Let's say you have $50 left in your account and know you are going to be paid in two days. You write three different checks for $15, $25, and $100. The bank can choose to clear the $100 check first - instead of the $15 and $25 checks first, which would leave you with only one overdraft fee and (-$60) - and levy two overdraft fees against you.
This has been standard practice for banks, of course, and they defend the behavior saying customers prefer it this way. Huh? Apparently larger checks, like mortgage payments, are more important than littler fees racked up at the local convenience store.

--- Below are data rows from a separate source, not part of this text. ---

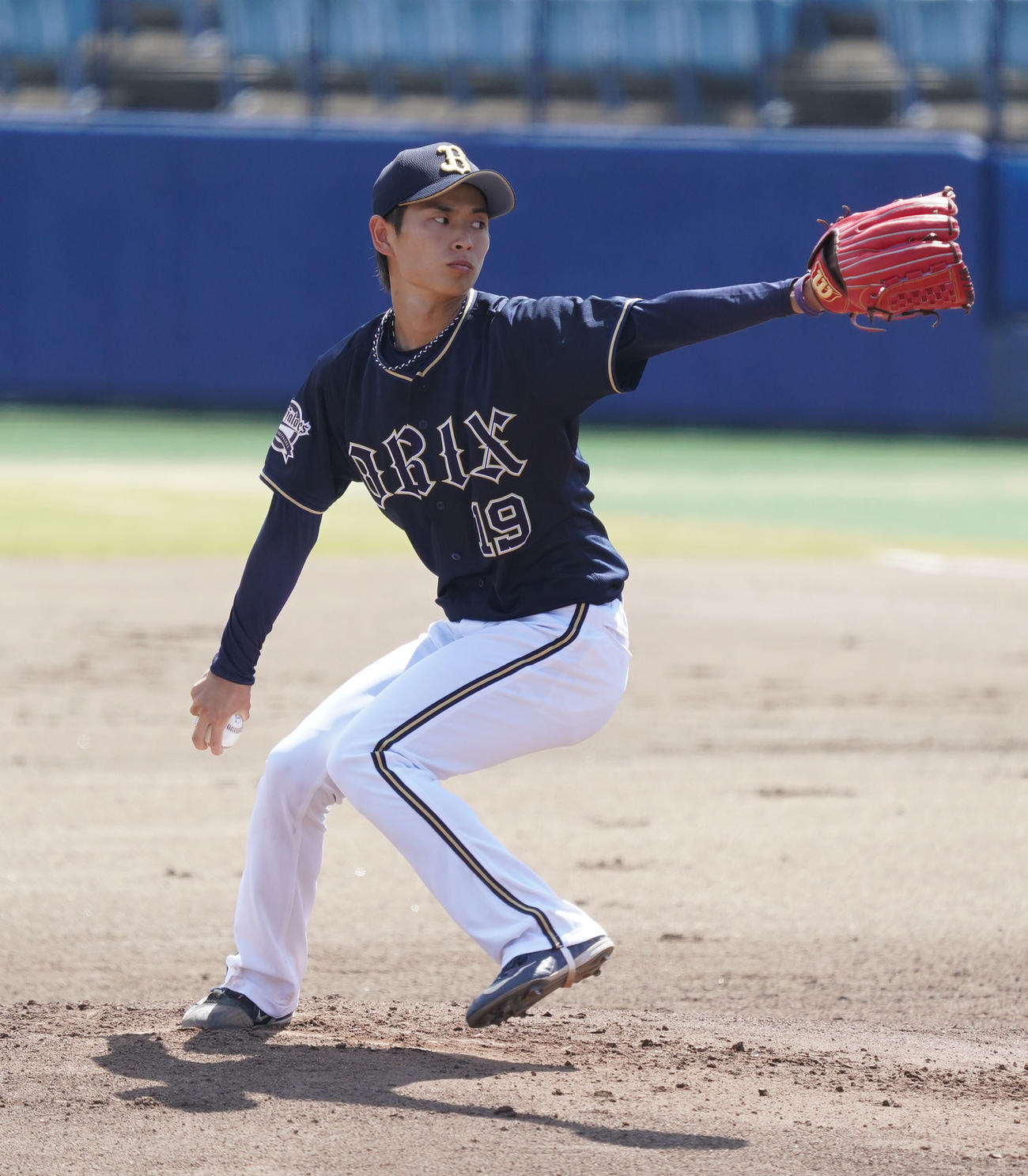 オリックス山岡泰輔（20年8月14日撮影）
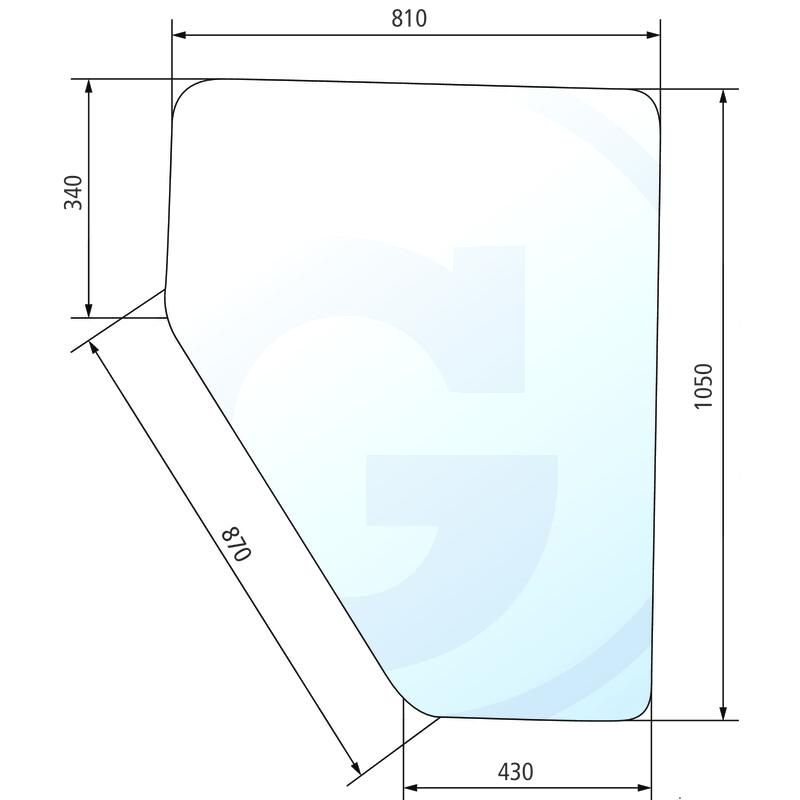 Szyba drzwi prawa i lewa Renault 61-12 145-54 7700007531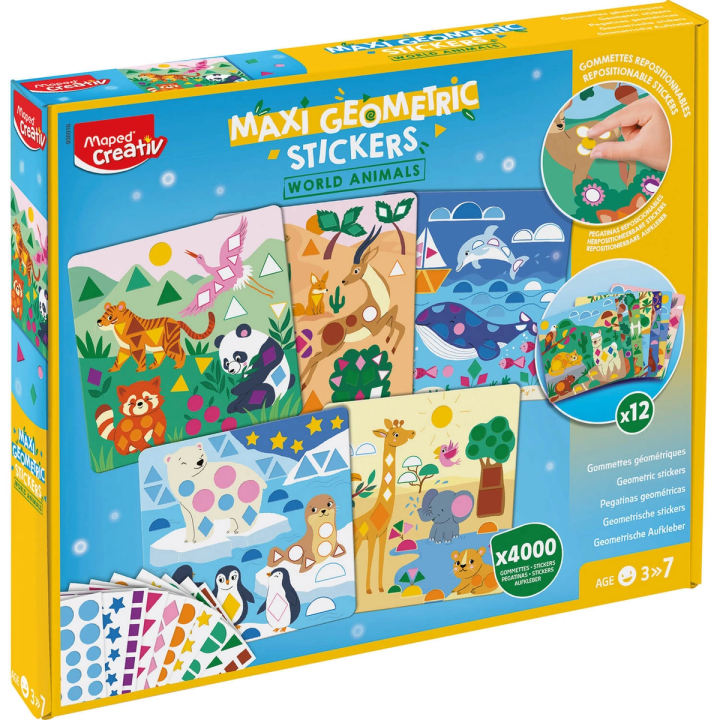 MAPED Creativ Naklejki geometryczne maxi - Świat zwierząt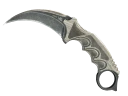 ★ Karambit | Black Laminate (Well-Worn)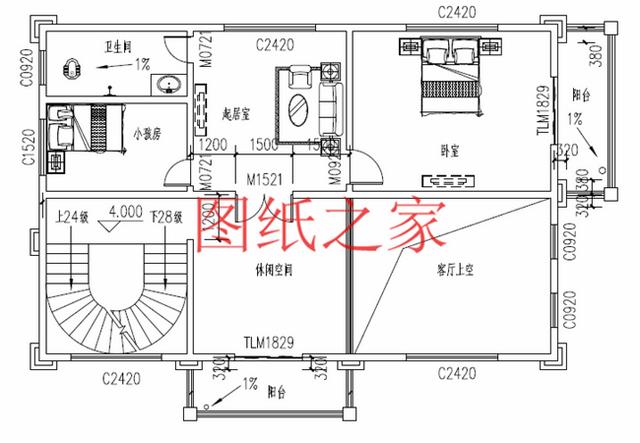 小戶型四層別墅圖，占地110平米左右，小巧精致、簡單大氣！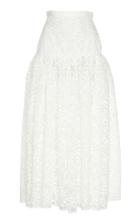 Moda Operandi Giambattista Valli Draped Off-the-shoulder Lace Top Size: 40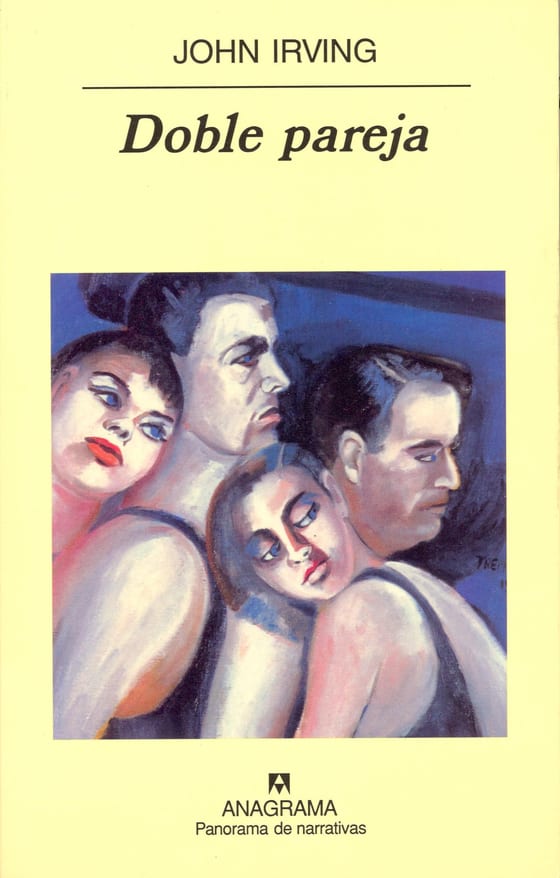 Coberta de Doble pareja, de John Irving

In a complaint filed in Manhattan, the SEC alleges that BofA told investors in proxy documents related to the Merrill acquisition that Merrill agreed it wouldn’t pay discretionary bonuses without BofA’s consent. In reality, though, the SEC said BofA had already
“contractually authorized” Merrill to pay $5.8 billion in bonuses, which
would seem to contradict Lewis’ testimony in Congress in February 2009, shortly after the deal was finalized: “They were a public company until the first of the year,’” he said, speaking of Merrill. “They had a separate board, separate compensation committee, and we had no authority to tell them what to do just urged them what to do.”
The implication is that Lewis was powerless to control Merrill’s bonuses payouts.
More recently, Lewis told Congress that he had felt pressure from Treasury Secretary Henry Paulson and Federal Reserve Chairman Ben Bernanke to complete the deal last winter, despite his concerns that Merrill’s fourth-quarter losses were much greater than he had first anticipated. Again, Lewis spread the blame for a deal that cost BofA shareholders billions in losses and led to $20 billion taxpayer bailout.
If these are the faces of market Capitalism today, brother, please, I’d like to try Democracy out; for a change, y’know? Oh well … just sayin’ … and may the angels protect you, your neighbors respect you, trouble neglect you and heaven accept you.